The learned judge summaries the position on unfitness very succinctly. He notes at paragraph 24 (onwards):
"In In re Sevenoaks Stationers (Retail) Ltd  Ch 164, the Court of Appeal emphasised the importance of adhering to the statutory words, "unfit to be concerned in the management of a company". Dillon LJ (with whom the other members of the Court agreed) said this (at 176):
"It is beyond dispute that the purpose of section 6 [of the CDDA] is to protect the public, and in particular potential creditors of companies, from losing money through companies becoming insolvent when the directors of those companies are people unfit to be concerned in the management of a company. The test laid down in section 6 - apart from the requirement that the person concerned is or has been a director of a company which has become insolvent - is whether the person's conduct as a director of the company or companies in question 'makes him unfit to be concerned in the management of a company.' These are ordinary words of the English language and they should be simple to apply in most cases. It is important to hold to those words in each case."
When considering whether a person's conduct makes him unfit to be concerned in the management of a company, the Court is required by section 9 of the CDDA to have regard, in particular, to the matters specified in schedule 1 to the Act.
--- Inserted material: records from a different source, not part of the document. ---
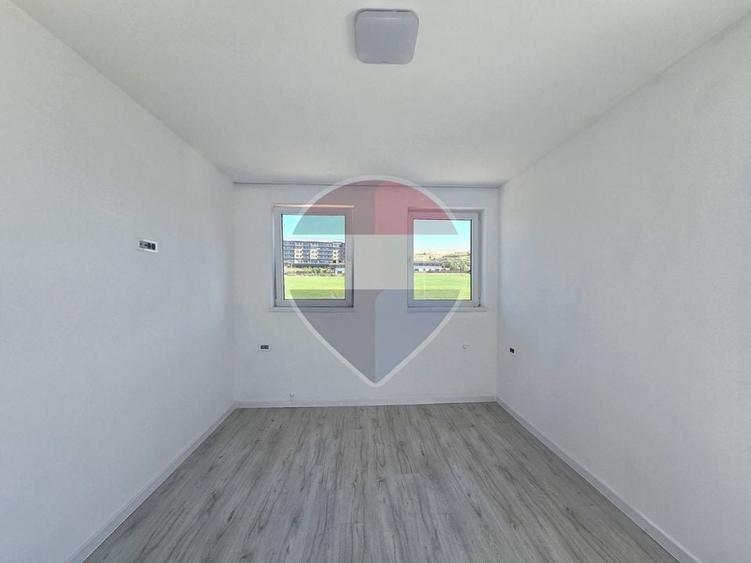 Apartament cu 2 camere semidecomandat în Chinteni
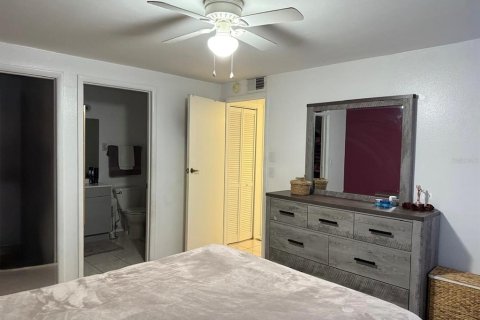 Condo in Bradenton, Florida, 2 bedrooms  № 1803711 - photo 9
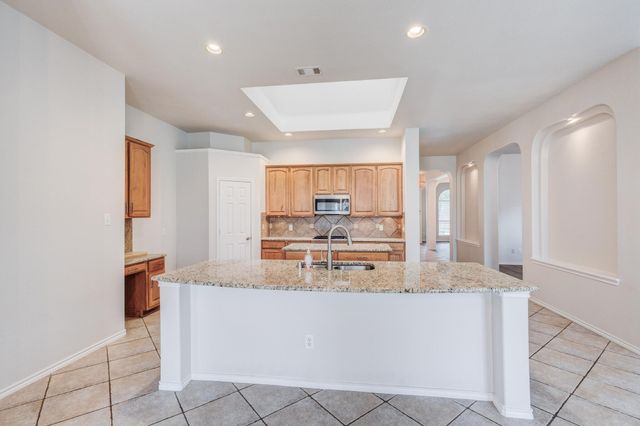 512 Wentworth Drive, Mckinney, TX 75072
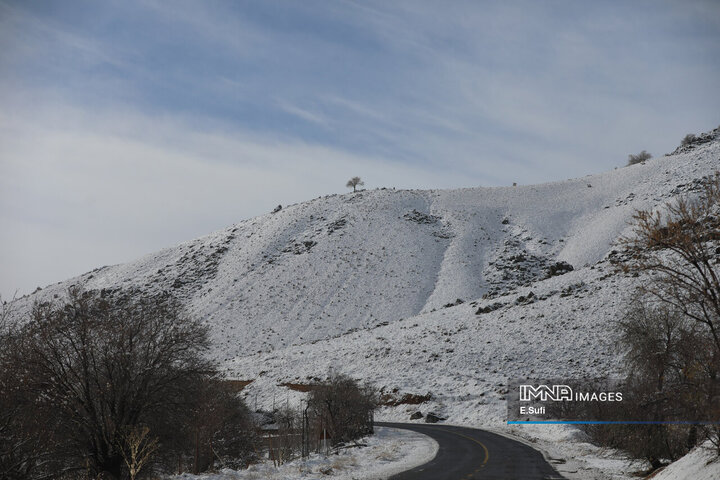 برف پاییزی در آستانه شازند ; پایان انتظار زمین تشنه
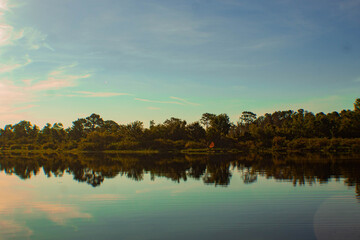 Fototapeta na wymiar Lake Manatee reflections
In the present case, the Secretary of State relies on paragraph 1 ("Any misfeasance or breach of any fiduciary or other duty by the director in relation to the company ... "), paragraph 2 ("Any misapplication or retention by the director of, or any conduct by the director giving rise to an obligation to account for, any money or other property of the company") and paragraph 6 ("The extent of the director's responsibility for the causes of the company becoming insolvent").
As, however, Lawrence Collins J explained in Re Bradcrown Ltd, Official Receiver v Ireland  1 BCLC 547 (in paragraph 7):
"The matters listed in Sch 1 are not exhaustive of the matters which may be taken into account in determining unfitness …. Accordingly, a finding of breach of duty is neither necessary nor of itself sufficient for a finding of unfitness …."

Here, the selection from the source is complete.